Der Bericht der American Academy of Pediatrics schlägt stattdessen vor, dass auf das Thermometer auf der Figur den Fokus setzen, sollten Eltern durch das Verhalten des Kindes geführt werden, um zu entscheiden, ob fiebersenkende Medikamente geben oder nicht.

Die AAP empfiehlt Vorsicht, wenn diese Produkte als schwere Überdosierung verabreicht auftreten können.Dr.

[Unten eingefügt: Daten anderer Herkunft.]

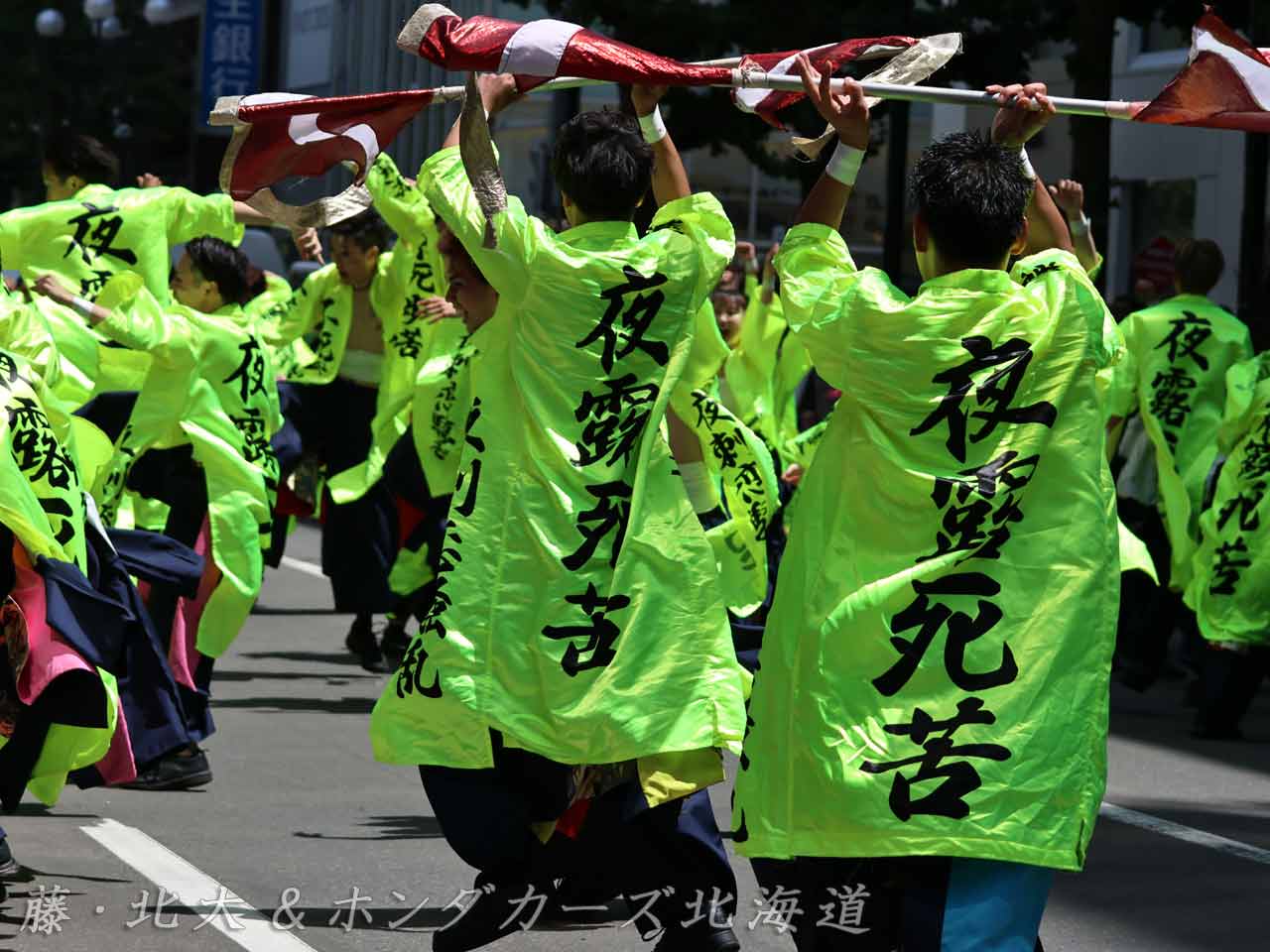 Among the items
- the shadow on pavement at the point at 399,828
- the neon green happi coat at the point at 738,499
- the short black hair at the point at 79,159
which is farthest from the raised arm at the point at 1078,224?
the short black hair at the point at 79,159

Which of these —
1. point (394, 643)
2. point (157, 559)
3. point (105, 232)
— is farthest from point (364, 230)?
point (157, 559)

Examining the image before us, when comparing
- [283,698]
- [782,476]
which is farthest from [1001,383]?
[782,476]

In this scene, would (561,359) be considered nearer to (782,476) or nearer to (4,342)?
(4,342)

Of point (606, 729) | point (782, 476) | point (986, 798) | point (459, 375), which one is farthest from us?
point (782, 476)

Sullivan darauf hin, dass bei der üblichen Kinderbesuchen, Eltern mit dem Spezialisten über das, was, wenn ein krankes Kind tun diskutieren sollten und um Rat fragen, wenn Sie den Arzt rufen.

Eltern sollten dem Arzt Ihres Kindes nennen, wenn ein Baby weniger als drei Monate beträgt 38 ° C oder höher Fieber; Wenn ein Baby zwischen drei und sechs Monaten beträgt 38 ° C oder eine höhere Temperatur; Wenn ein älteres Kind hat Fieber von 39,4 C oder mehr, und wenn eine kleinen hohen Temperatur wird durch Lethargie, Kopfschmerzen, Hautausschlag, Atembeschwerden oder Dehydrierung begleitet, nach dem amerikanischen Spezialisten.